Gerd Kleemeyer, SPE, is manager of integrated geophysical services in Shell's Global Solutions Upstream organization in Rijswijk, Netherlands. During his 18 years with Shell, he has worked on exploration and development projects in the Netherlands, Norway, UK, and Russia and as geophysical consultant for global new venture exploration. Kleemeyer holds an MS degree from the Technical University of Clausthal, Germany. The advanced seismic technologies available today require timely planning and close integration to maximize their value. This requirement has been a red thread in all my previous feature reviews, and this is likely to continue.
The Stybarrow Field is a moderately sized biodegraded 22° API oil accumulation reservoired in Early Cretaceous sandstones of the Macedon Formation in the Exmouth Sub-Basin, offshore Western Australia. The reservoir is comprised of excellent quality, poorly consolidated turbidite sandstones up to 20m thick. The field lies in approximately 800m of water and has been developed with five near-horizontal producers and three water injection wells. The Stybarrow development came online at an initial rate of 80,000BOPD in November 2007.
Due to the lack of significant aquifer support, water injection was planned from start-up for pressure maintenance. Acquisition of a variety of data types have enabled key subsurface challenges to be addressed both before and during production. Structural and stratigraphic complexities influence connectivity and therefore must be fully evaluated in order to achieve optimal sweep. A feasibility study concluded that Stybarrow would be a good candidate for 4D seismic monitoring. Two monitor surveys were acquired and, along with other reservoir surveillance techniques, have been used to refine the geological model.

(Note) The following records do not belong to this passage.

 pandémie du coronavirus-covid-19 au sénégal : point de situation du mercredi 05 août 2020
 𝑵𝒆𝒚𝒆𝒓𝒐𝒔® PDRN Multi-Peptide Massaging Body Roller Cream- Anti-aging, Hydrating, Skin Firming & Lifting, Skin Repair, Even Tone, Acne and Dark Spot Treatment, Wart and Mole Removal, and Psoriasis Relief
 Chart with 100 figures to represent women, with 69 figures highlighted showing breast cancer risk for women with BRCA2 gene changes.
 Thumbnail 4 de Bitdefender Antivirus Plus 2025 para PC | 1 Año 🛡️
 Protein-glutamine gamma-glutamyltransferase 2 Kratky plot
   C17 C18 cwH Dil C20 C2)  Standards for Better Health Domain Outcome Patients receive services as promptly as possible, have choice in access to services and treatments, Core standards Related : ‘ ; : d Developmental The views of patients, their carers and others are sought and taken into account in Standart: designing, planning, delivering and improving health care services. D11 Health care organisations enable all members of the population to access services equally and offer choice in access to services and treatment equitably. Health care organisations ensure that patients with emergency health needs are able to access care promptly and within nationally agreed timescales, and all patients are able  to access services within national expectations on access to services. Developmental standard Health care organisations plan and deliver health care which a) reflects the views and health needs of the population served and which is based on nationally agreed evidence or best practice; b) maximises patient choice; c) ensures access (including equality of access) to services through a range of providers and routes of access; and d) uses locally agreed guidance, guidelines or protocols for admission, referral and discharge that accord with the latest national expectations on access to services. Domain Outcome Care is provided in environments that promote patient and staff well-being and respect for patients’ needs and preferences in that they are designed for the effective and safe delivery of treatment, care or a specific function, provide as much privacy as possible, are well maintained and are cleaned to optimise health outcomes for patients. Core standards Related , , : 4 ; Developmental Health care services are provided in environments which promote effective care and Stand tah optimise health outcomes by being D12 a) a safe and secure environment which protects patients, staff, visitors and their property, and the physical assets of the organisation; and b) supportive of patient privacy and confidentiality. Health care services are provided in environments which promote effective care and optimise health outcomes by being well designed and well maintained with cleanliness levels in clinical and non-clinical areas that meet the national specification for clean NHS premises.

The first monitor survey at Stybarrow was recorded in November 2008. The results of this survey were in agreement with prior 4D modelling and supported the drilling of a successful development well in the north of the field. A second monitor survey was recorded in May 2011, three and a half years after first oil and at 70% of expected ultimate recovery. This survey is currently being analysed to determine if sweep patterns have changed.
The 4D surveys have proven to be an important tool for understanding subsurface architecture and dynamic fluid-flow behaviour. The results of both 4D seismic surveys have provided significant contributions to understanding the dynamic behaviour within the reservoir to facilitate optimal reservoir management.